Yeni milletvekilinin odasına gittik. Yan odadaki arkadaşında imiş. Kapıda karşılaştık. Diğer milletvekilinin selamını söyleyip, görüşme talebimizi ilettik. Beyefendideki kibir, Arap diktatörlerinde bile göremeyeceğiniz cinsten... Neyse kapıdan geri döndük. Aynı zat, halkada böyle davranıyorsa, şikâyetler yerden göğe kadar haklı.

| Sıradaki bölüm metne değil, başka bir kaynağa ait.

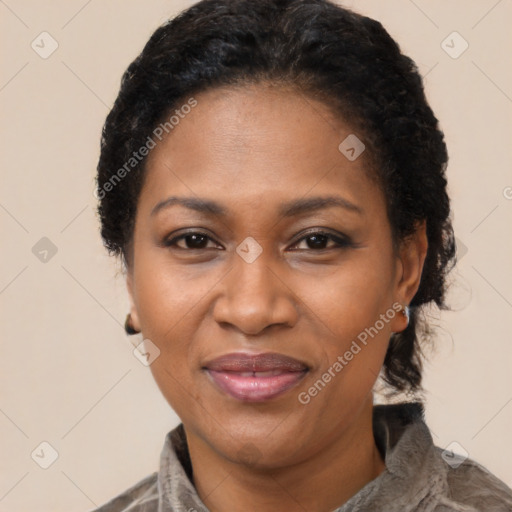 Joyful black adult female with short  black hair and brown eyes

Geçenlerde bir ilimizde, 4 dönemdir milletvekilliği yapan birinin davranışlarından söz ettiler ve dediler ki: “Milletvekili …’in -ismi bizde mahfuz- yeniden aday yapılacağından kuşku duymuyoruz. Ak Parti bu dönem, anayasa değiştirecek nitelikte çoğunluk arzuluyor. Kurulduğundan bu yana oy veriyoruz ama bu adaylarla yola devam edecekse Ak Parti bu kez bizi unutacak” dediler.

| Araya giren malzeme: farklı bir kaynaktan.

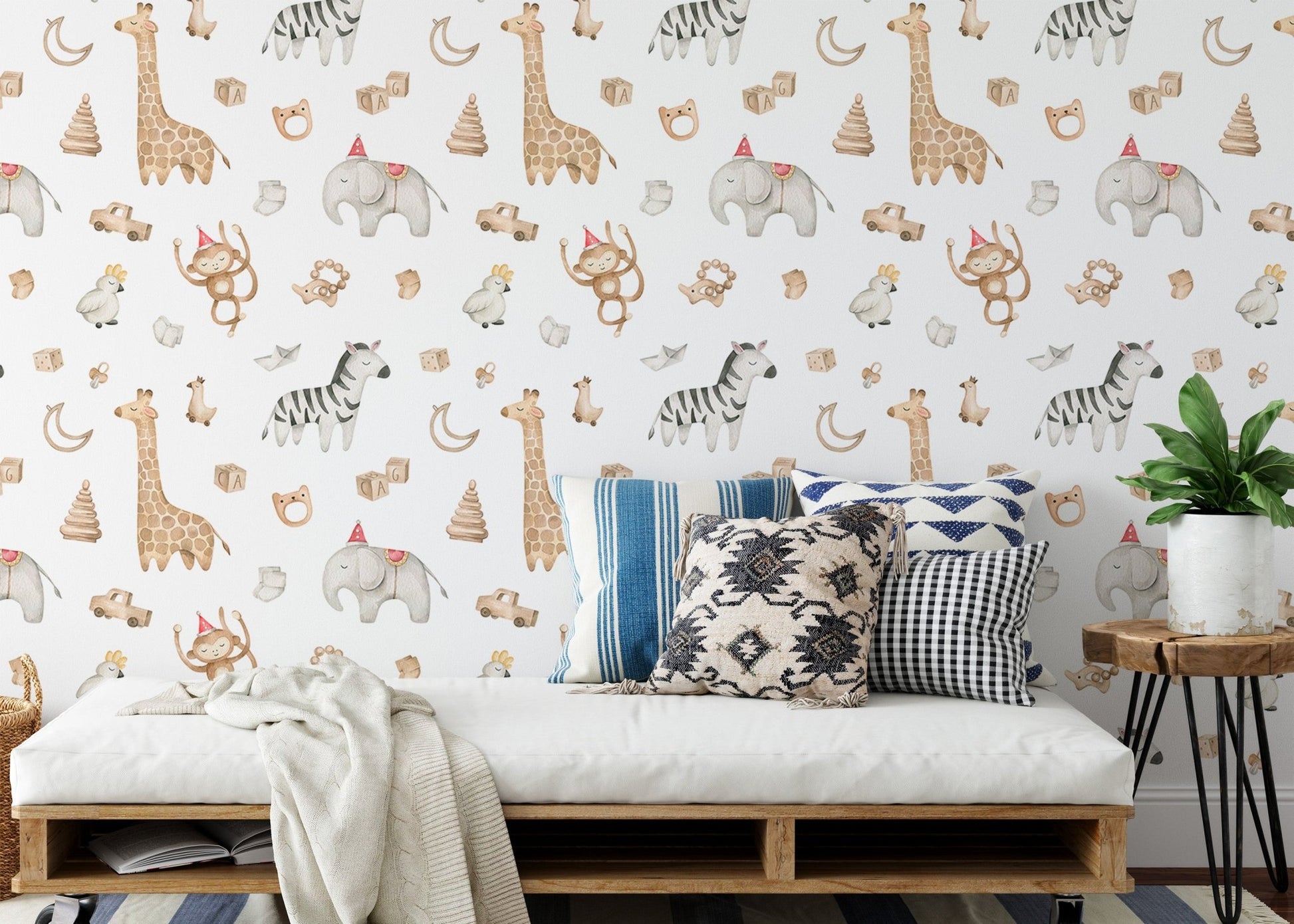 Animal pattern wallpaper behind a daybed with blue and white pillows.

Bu ve benzeri şikâyet ve serzenişleri çoğu yerde duyabilirsiniz. Elliye yakın milletvekili arkadaşım var. Geçenlerde TBMM sitesine girip, teke tek isimlerini kontrol ederek, hangi tasarı ve taslağa imza atmış, hangi işleri başarmışlar diye kontrol ettim. Burada aktarmaya değer bir şey maalesef göremedim. Çoğunun, hükümetten gelen bazı temel tasarılara imza atmaktan öte hiçbir çalışma yapmadığını görmek üzüntü verici…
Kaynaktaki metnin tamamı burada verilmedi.